__Caption-style text data__.
◆ ◆ ◆ ◆
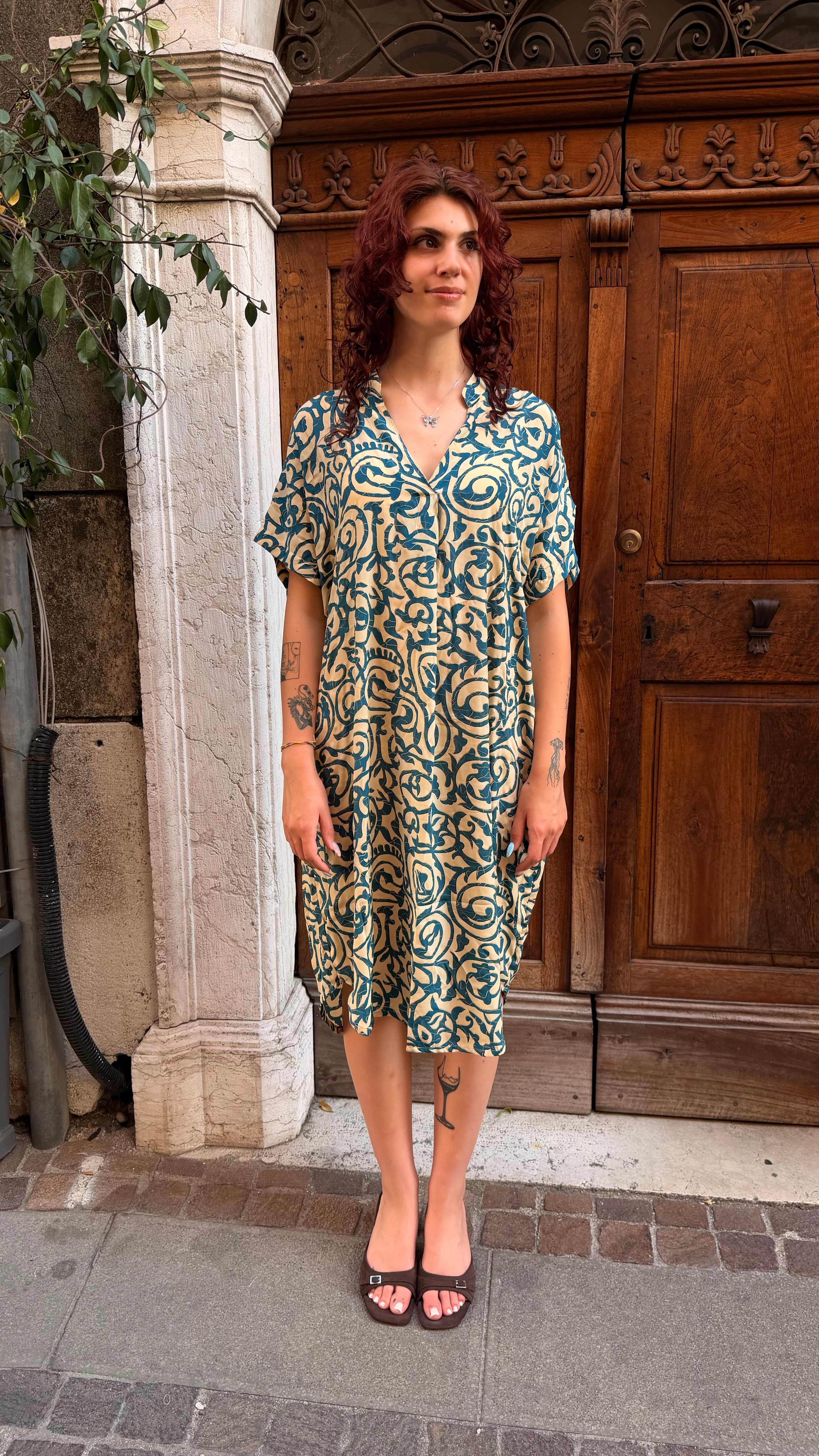 Abito Estivo Donna Midi Manica Corta 70% Seta Verde Petrolio - Cappelleria Bacca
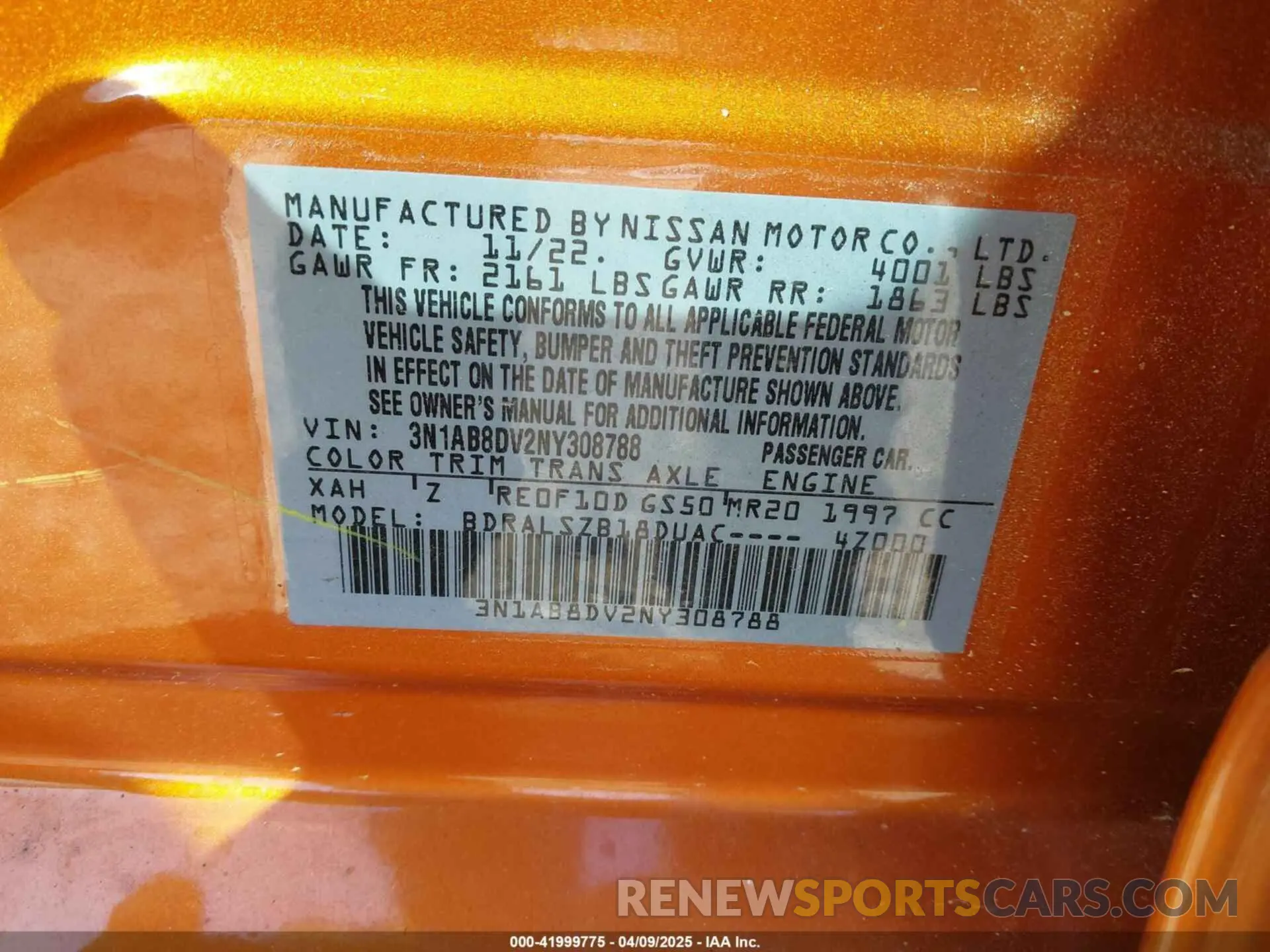 9 fotografías del automóvil dañado 3N1AB8DV2NY308788 NISSAN SENTRA 2022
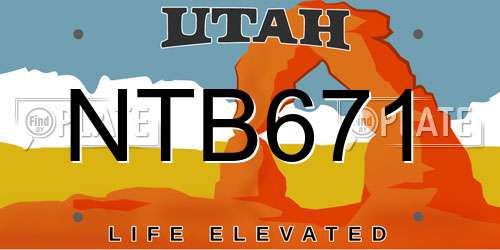 NTB671 Utah License Plate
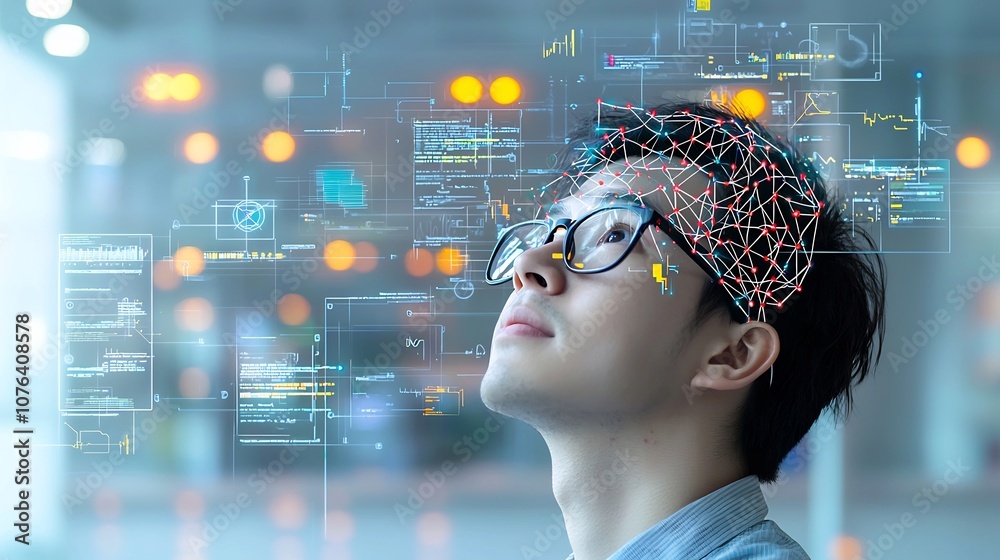 Aufkleber Portrait of a thoughtful man wearing glasses gazing upward with an overlay of neural network like lines and nodes on his head representing complex thought and the of AI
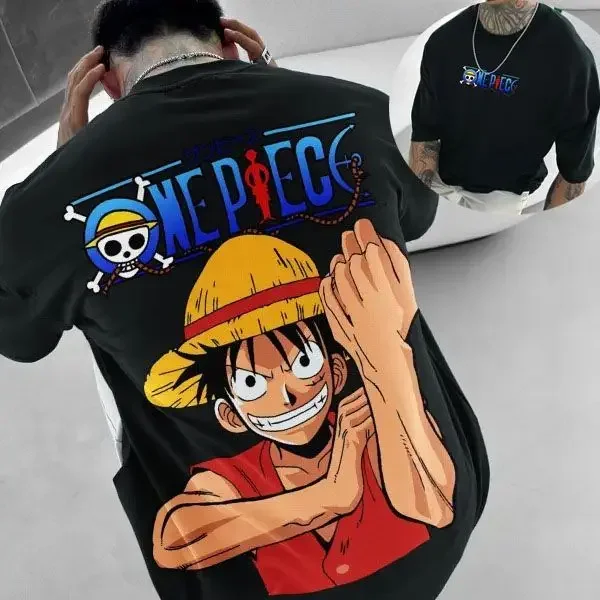 

ONE PIECE Луффи анимационный индивидуальный принт, хлопковые красивые мужские и женские футболки с героями мультфильмов, мужская одежда с короткими рукавами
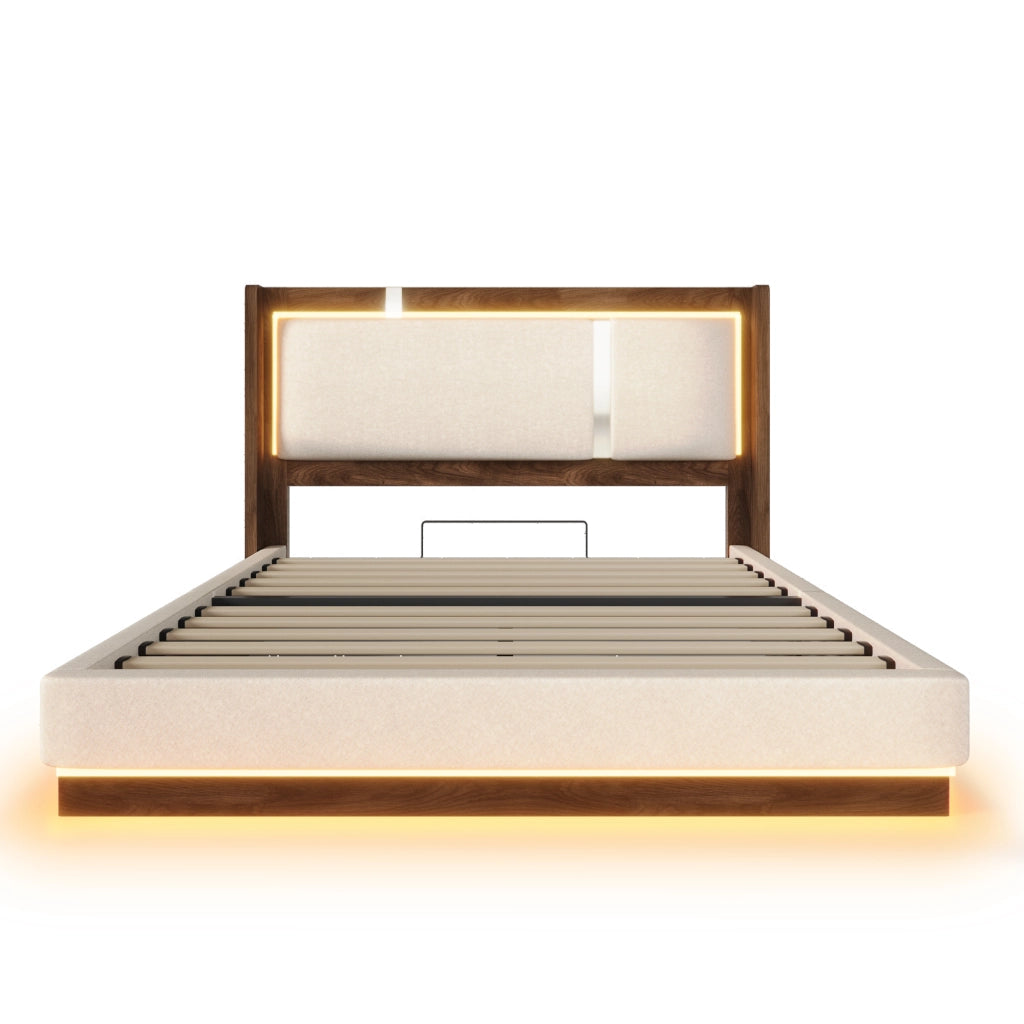 Letto matrimoniale imbottito 140x200 cm beige con contenitore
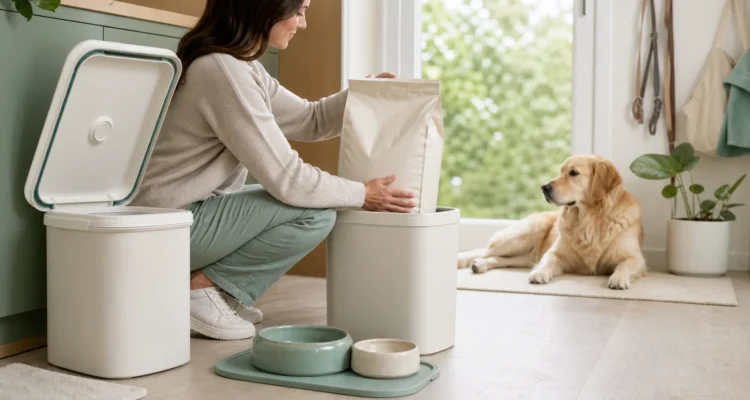 Healthy Paws Essentials scene illustrating safe dog food storage and handling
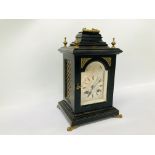 VINTAGE MANTEL CLOCK WITH FOUR BRASS FINIALS AND CLAW FEET.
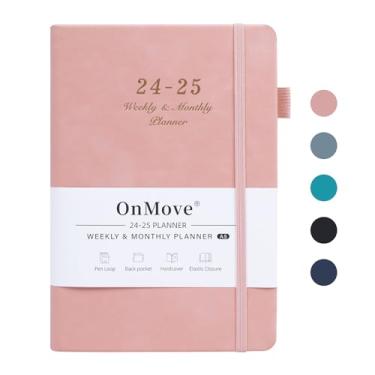 Imagem de OnMove Agenda 2024-2025 diária, semanal e mensal, de julho de 2024 a junho de 2025, com suporte de caneta, bolso interno para homens e mulheres, tamanho A5, rosa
◆ ◆ ◆ ◆
__Activity__. Your task is to restate word for word the lines from the one containing "Aufkleber Portrait of" through the last line of the data, both ends included, with no pictures.

__The answer__.
 Aufkleber Portrait of a thoughtful man wearing glasses gazing upward with an overlay of neural network like lines and nodes on his head representing complex thought and the of AI

ONE PIECE Луффи анимационный индивидуальный принт, хлопковые красивые мужские и женские футболки с героями мультфильмов, мужская одежда с короткими рукавами
 Letto matrimoniale imbottito 140x200 cm beige con contenitore
 Healthy Paws Essentials scene illustrating safe dog food storage and handling
 VINTAGE MANTEL CLOCK WITH FOUR BRASS FINIALS AND CLAW FEET.
 Imagem de OnMove Agenda 2024-2025 diária, semanal e mensal, de julho de 2024 a junho de 2025, com suporte de caneta, bolso interno para homens e mulheres, tamanho A5, rosa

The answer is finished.